Milton Friedman, Capitalism and Freedom

05
Apr
09

Despotism Defined

A despotism may almost be defined as a tired democracy. As fatigue falls on a community, the citizens are less inclined for that eternal vigilance which has truly been called the price of liberty; and they prefer to arm only one single sentinel to watch the city while they sleep.

G.K. Chesterton, The Everlasting Man

30
Mar
09

Competitive Compensation

With respect to teachers’ salaries, the major problem is not that they are too low on the average–they may well be too high on the average–but that they are too uniform and rigid.  Poor teachers are grossly overpaid and good teachers grossly underpaid.  Salary schedules tend to be uniform and determined far more by seniority, degrees received, and teaching certificates acquired than by merit.  This, too, is largely a result of the present system of governmental administration of schools and becomes more serious as the unit over which governmental control is exercised becomes larger.

Milton Friedman, Capitalism and Freedom

07
Sep
08

Publishing Lectures?

Right now, I’m rethinking how to post class lectures since my lectures have changed a lot.  I used to screencast, that is write lesson notes on the screen from scratch every period using a TabletPC, record my screen and voice, and post it all as an embedded flash video on this blog.

PowerPoint changes things.  My biggest concern is copyright issues.  I cut and paste a lot of material from our Glencoe textbooks into the slides.  So if I share the slides, I might be illegally publishing copyrighted material.  Anyone know the law on that?  Fair use?

Screencasting also doesn’t work as well since there’s a lot of deadspace in the time it takes for students to copy notes.  Who wants to watch a lecture with 1 to 2 minutes of silence after each slide advance?  I certainly don’t want to put in any time with post-production trimming.  I guess I could print handouts that make note-taking a lot faster.  But I hate to consume more paper than is absolutely necessary.

The other option I’ve considered is a 5-minute lesson preview/recap.  I could post them a couple nights before a lesson so that students can get a jump on upcoming content or review it when getting down to the homework.  Again, my time is of the essence.

Something’s gotta give.  I’m leaning towards the 5-minute preview/recap.  Thoughts?

30
Aug
08

Discipline Revisited

It’s three weeks in and I haven’t adhered to any of my so-called discipline manifesto, except for not giving detentions.  A colleague’s idea of giving extra work is so genius, that I don’t have to eject kids from my classroom.  So far, I may have asked one kid to leave.  But for the most part, I’ve been able to mortify students just by giving them something to write.

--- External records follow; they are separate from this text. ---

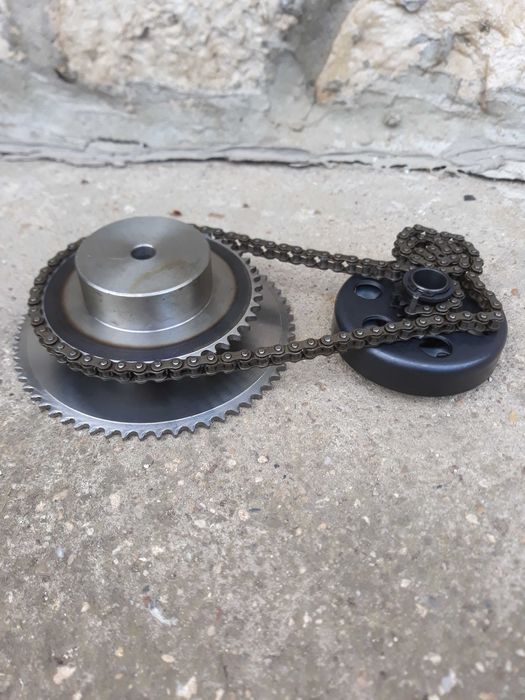 Продавам съединител  зъбно колело и верига
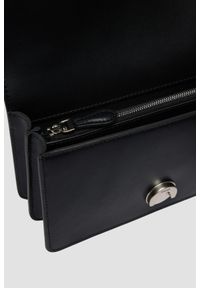 Pinko - PINKO Czarna kopertówka Love One Mini St. Cl Vitello Seta. Kolor: czarny. Materiał: skórzane. Styl: wizytowy, klasyczny, elegancki #4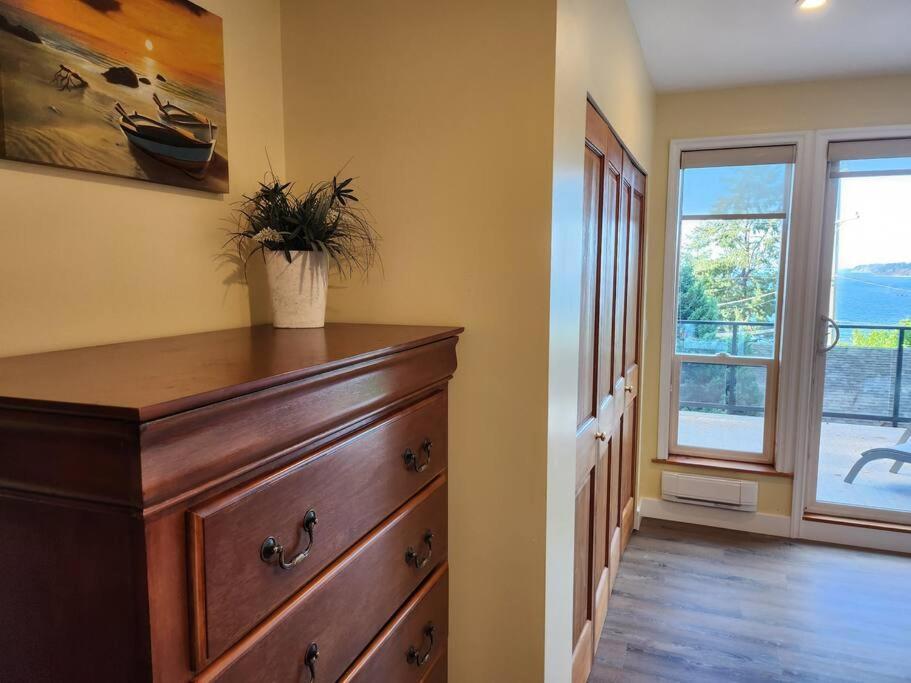 Relaxing 3Bdr 2Bth Home With Gorgeous View Sechelt Buitenkant foto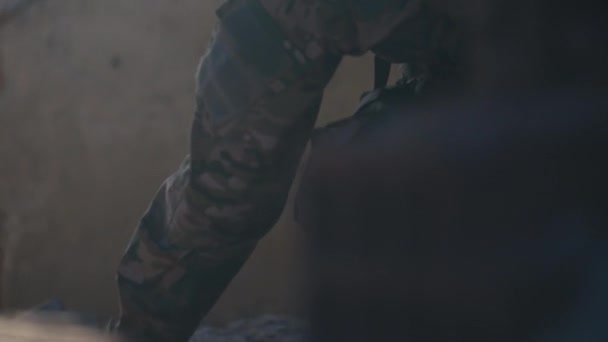 Ένας Στρατιώτης Σηκώνεται Από Πάτωμα Ένα Ερειπωμένο Σπίτι Μια Ηλιόλουστη — Αρχείο Βίντεο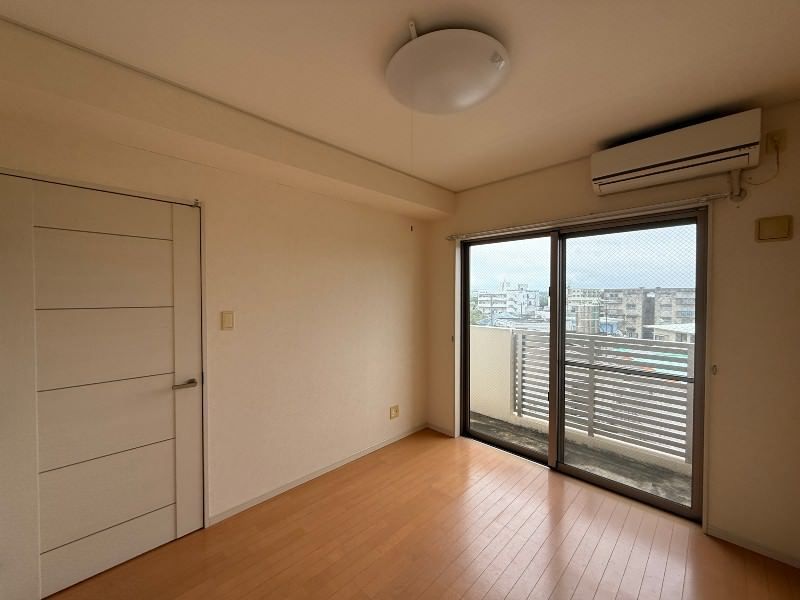 3LDK Apartment for Rent in Yomitan Village, Okinawa | Maison Parisina - Thumbnail 4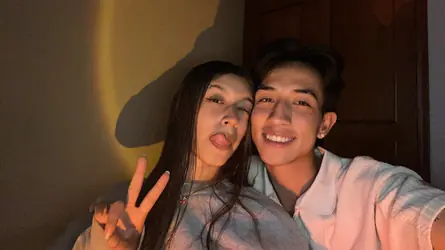 MikeAndEva's chat room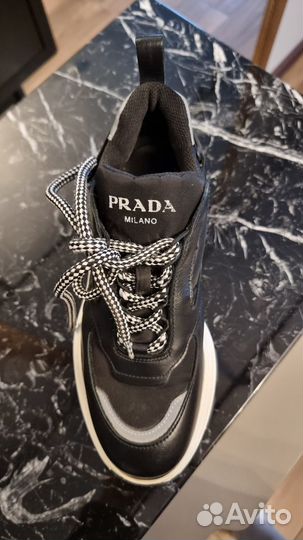 Кроссовки Prada женские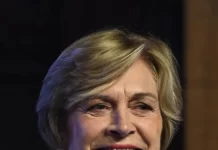 Evelyn Matthei, economista de la derecha tradicional que aspira por segunda vez a la presidencia chilena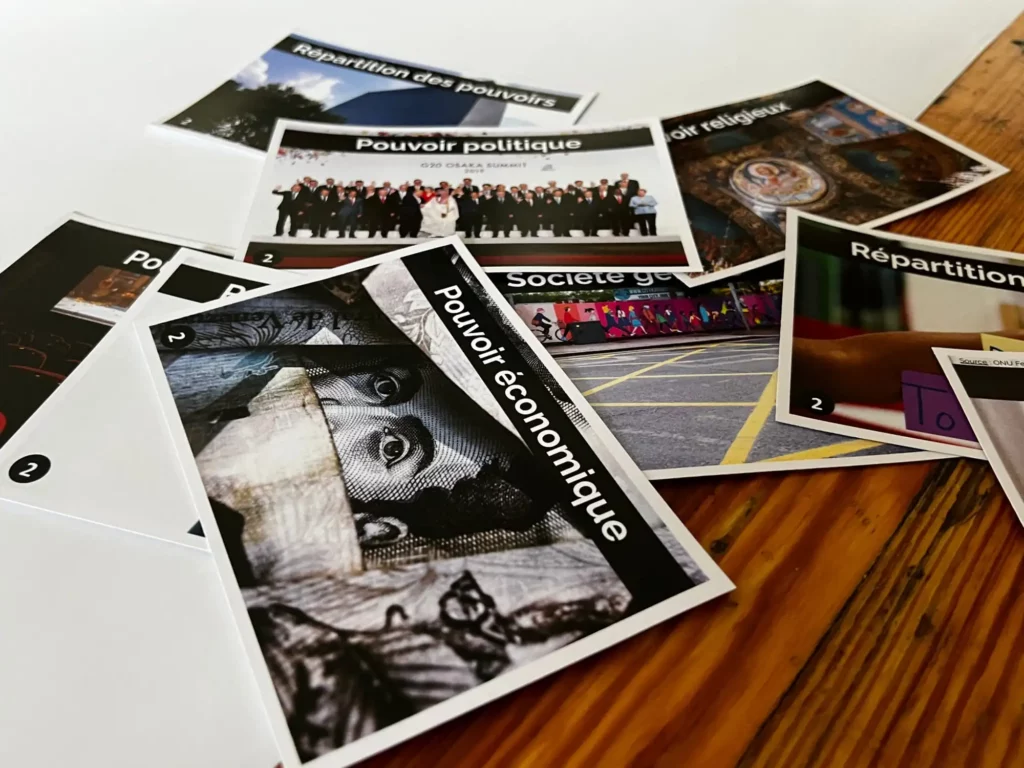 Collection de cartes issues de la fresque du sexisme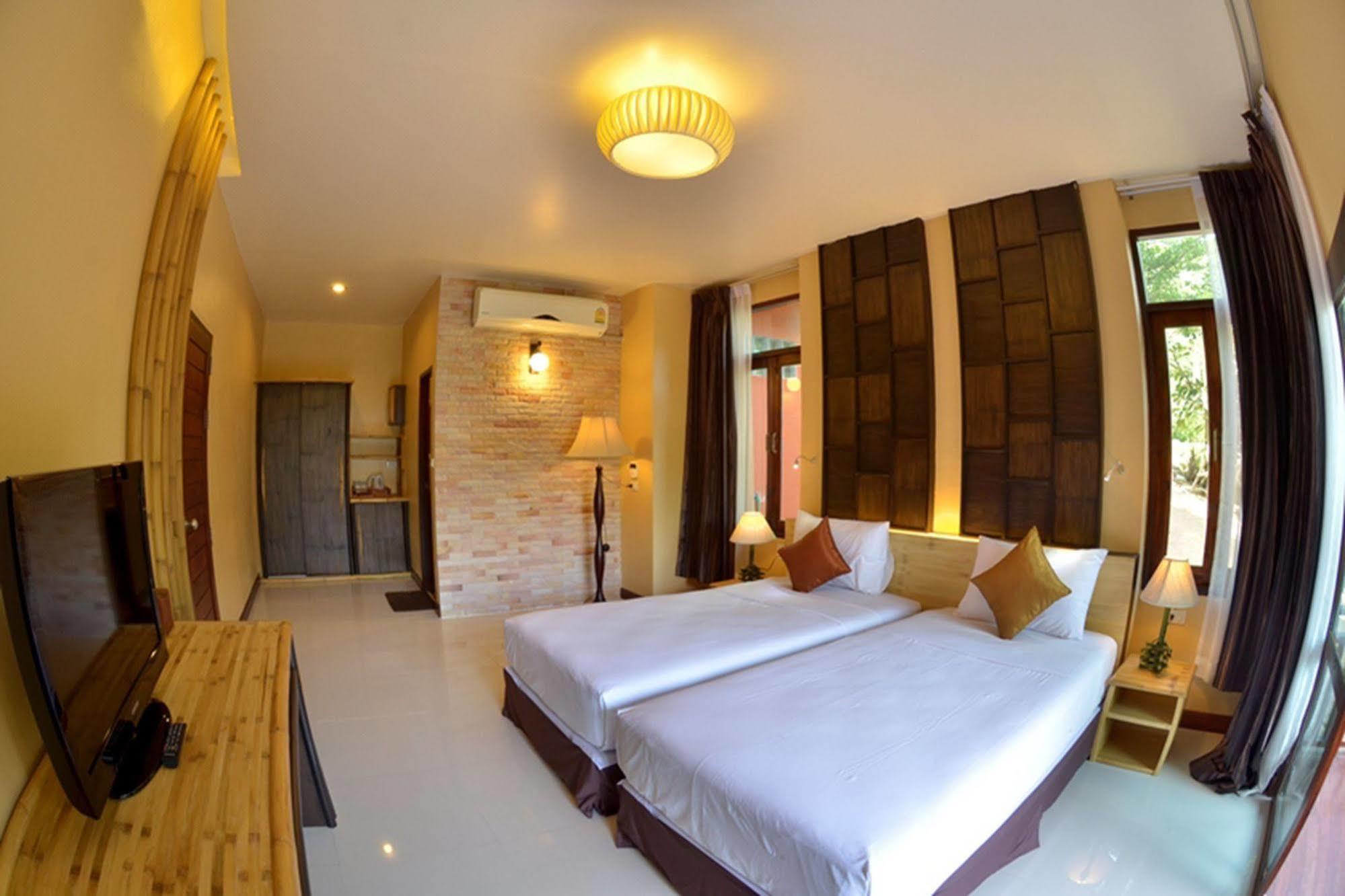 Palm Leaf Resort Ko Tao Exterior photo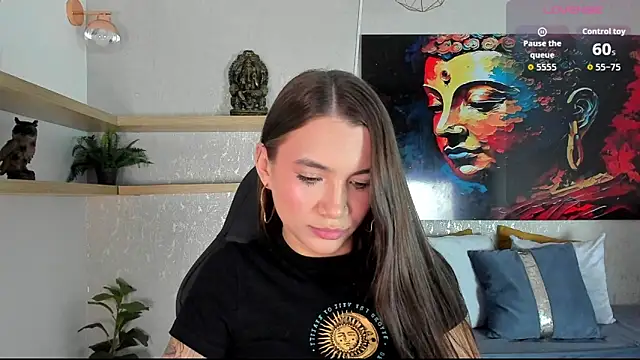 Snapshot of aitana_baker_ chatting on 04.22.26 aitana baker online show from 04.22.26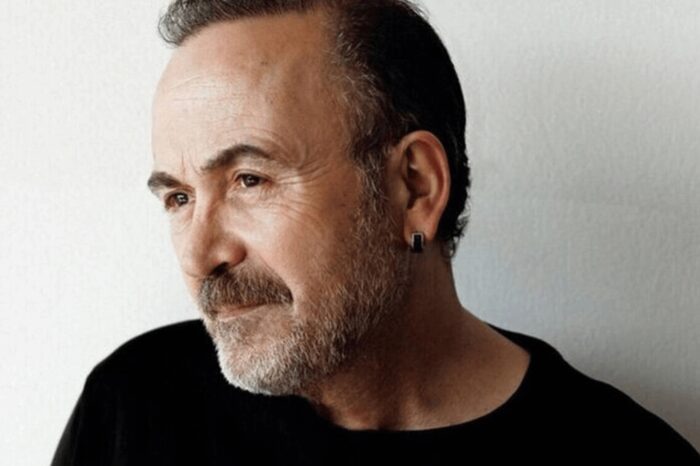 Ο Σταμάτης Γονίδης πίνει κρασί στο όνομά του!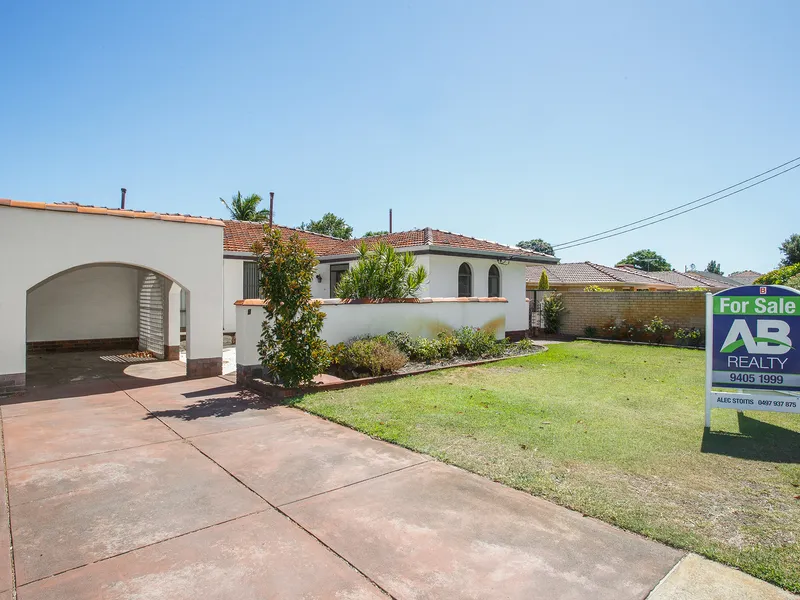 Under Offer with AB Realty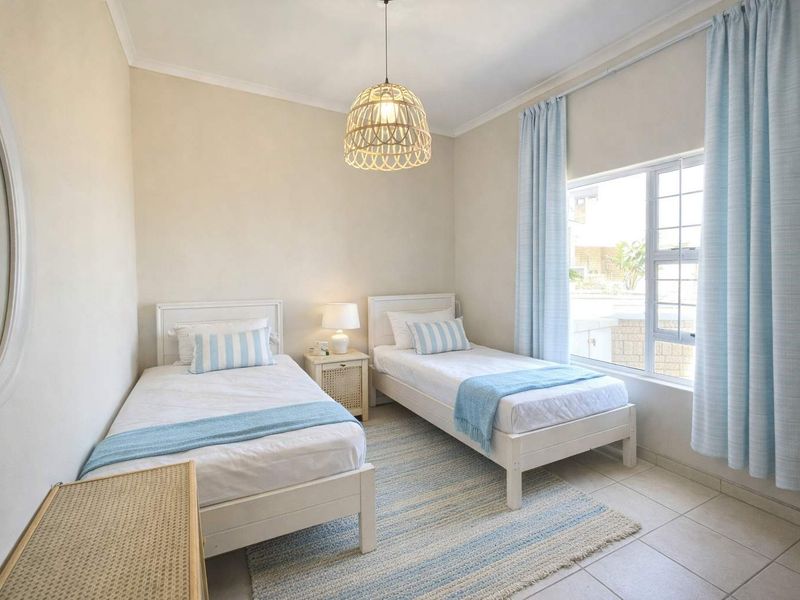 Sea-Facing 3-Bedroom Townhouse with Stunning Sunset Views & Spacious Terrace - Photo 4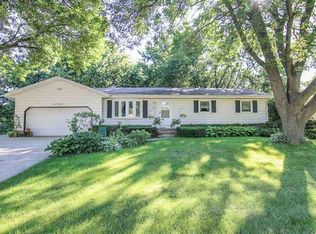 731 Broadway Dr, Sun Prairie, WI 53590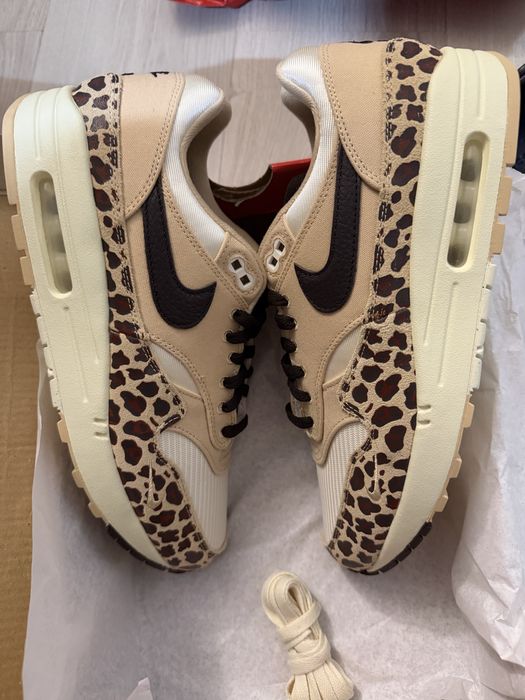 Adidasi nike air max 1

Before, I couldn’t think of any extra assignments that I’d care to grade.  When punishment equals punishing myself, shoot me.  But then, an epiphany.  I decided to have students atone for their offenses by simply copying about 4-5 pages out of their History or Science books for no academic credit.  To make it applicable and redemptive, I check with their History/Science teacher to see what they need to read or study in the near future.  If they don’t finish it by the same period the next day, I make them finish it 8th period.  If it’s not done by the third day, then it’s a parent call, an athletic consequence, or a trip to the principal’s office.  But the writing assignment never goes away.  It must be done.  The students hate it.  They’ll take detentions, athletic consequences, paddlings, suspensions, etc.  But they hate to read and write.

For once, I enjoy giving out discipline.  The thicker my write-up binder gets, the more satisfied I feel.  It’s made a difference in my classes and I’m making believers out of students who once didn’t care for the gift of education.  Spare the book, spoil the child.